Suppose that $$f(z)$$is a nonconstant meromorphic function in $$\vert z\vert < R$$and $$a_{j}$$ ($$j=1,2,\ldots,q$$) are q distinct finite complex numbers. Then

\begin{aligned} m \Biggl(r,\sum_{j=1}^{q}\frac{1}{f-a_{j}} \Biggr)=\sum_{j=1}^{q}m \biggl(r, \frac{1}{f-a_{j}} \biggr)+O(1) \end{aligned}

holds for $$0< r< R$$.

## Proof of Theorem 1.1

Suppose that $$f(z)\not \equiv \Delta _{\eta }^{n} f(z)$$. Since $$f(z)$$ is a nonconstant entire function sharing $$a_{1}$$ and $$a_{2}$$ “CM” with $$\Delta _{\eta }^{n} f(z)$$,

\begin{aligned} \frac{\Delta _{\eta }^{n} f(z)-a_{1}}{f(z)-a_{1}}=p_{1}(z)e^{q_{1}(z)} \end{aligned}
(3.1)

and

\begin{aligned} \frac{\Delta _{\eta }^{n} f(z)-a_{2}}{f(z)-a_{2}}=p_{2}(z)e^{q_{2}(z)}, \end{aligned}
(3.2)

where $$p_{j}(z)$$ are meromorphic functions such that $$\rho (p_{j})< \rho (f)$$ ($$j=1,2$$), and $$q_{1}(z)$$, $$q_{2}(z)$$ are polynomials such that $$\deg p_{1}(z)\leq \rho (f)$$, $$\deg q_{2}(z)\leq \rho (f)$$.

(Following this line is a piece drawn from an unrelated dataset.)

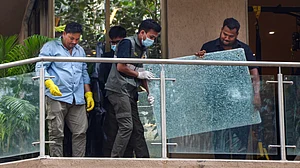 Forensic team members remove a shattered glass pane from the balcony of filmmaker Rohit Shetty.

If $$p_{1}(z)e^{q_{1}(z)}\equiv p_{2}(z)e^{q_{2}(z)}$$, then we get from (3.1) and (3.2) that $$f(z)\equiv \Delta _{\eta }^{n} f(z)$$. Next, we suppose that $$p_{1}(z)e^{q_{1}(z)}\not \equiv p_{2}(z)e^{q_{2}(z)}$$. From (3.1) and (3.2), we have

\begin{aligned} f(z)-a_{1}= \frac{(a_{2}-a_{1})(1-p_{2}(z)e^{q_{2}(z)})}{p_{1}(z)e^{q_{1}(z)}-p_{2}(z)e^{q_{2}(z)}}. \end{aligned}
(3.3)

Since $$\rho (p_{j})< \rho (f)$$ ($$j=1,2$$), we can deduce from (3.3) that almost all (except at most $$S(r,f)$$) zeros of $$f(z)-a_{1}$$ are zeros of $$g(z):=1-p_{2}(z)e^{q_{2}(z)}$$. Hence

\begin{aligned} \overline{N} \biggl(r, \frac{1}{f-a_{1}} \biggr)\leq \overline{N} \biggl(r, \frac{1}{1-p_{2}e^{q_{2}}} \biggr)+S(r,f)\leq T\bigl(r,e^{q_{2}}\bigr)+S(r,f). \end{aligned}
(3.4)

Next, we discuss two cases.

Case 1: $$\deg q_{2}(z)<\rho (f)$$. It follows from (3.4) that

\begin{aligned} \overline{N} \biggl(r,\frac{1}{f-a_{1}} \biggr)=S(r,f). \end{aligned}

Therefore, Lemma 2.3 is valid now. Let us consider the following two functions:

\begin{aligned} F(z)=\frac{\Delta _{\eta }^{n}f-a_{1}}{\Delta _{\eta }^{n}f-a_{2}},\quad\quad G(z)=\frac{f-a_{1}}{f-a_{2}}. \end{aligned}
(3.5)

Notice that $$f(z)$$ and $$\Delta _{\eta }^{n} f(z)$$ share two values $$a_{1}$$ and $$a_{2}$$ “CM”, and we see that $$F(z)$$ and $$G(z)$$ are meromorphic functions sharing 0 and ∞ “CM”. By (3.5), (ii) in Lemma 2.3, and the Valiron–Mokhon’ko theorem (see e.g. [16, 22]), we have

$$\begin{gathered} T(r,F)=T\bigl(r,\Delta _{\eta }^{n}f\bigr)+S\bigl(r,\Delta _{\eta }^{n}f \bigr)=T(r,f)+S(r,f), \\ T(r,G)=T(r,f)+S(r,f). \end{gathered}$$
(3.6)

Let

\begin{aligned} \varphi (z)=\frac{F''}{F'}- \frac{G''}{G'}, \end{aligned}
(3.7)

and we get, by applying the lemma of logarithmic derivatives,

\begin{aligned} m(r,\varphi )\leq {}&m \biggl(r, \frac{F''}{F'} \biggr)+m \biggl(r, \frac{G''}{G'} \biggr)+O(1) \\ ={}&S\bigl(r,F'\bigr)+S\bigl(r,G'\bigr)=S(r,f). \end{aligned}
(3.8)

Clearly, (3.7) shows that the poles of $$\varphi (z)$$ are simple, and they can only come from the zeros of $$F'(z)$$ and $$G'(z)$$ as well as the poles of $$F(z)$$ and $$G(z)$$.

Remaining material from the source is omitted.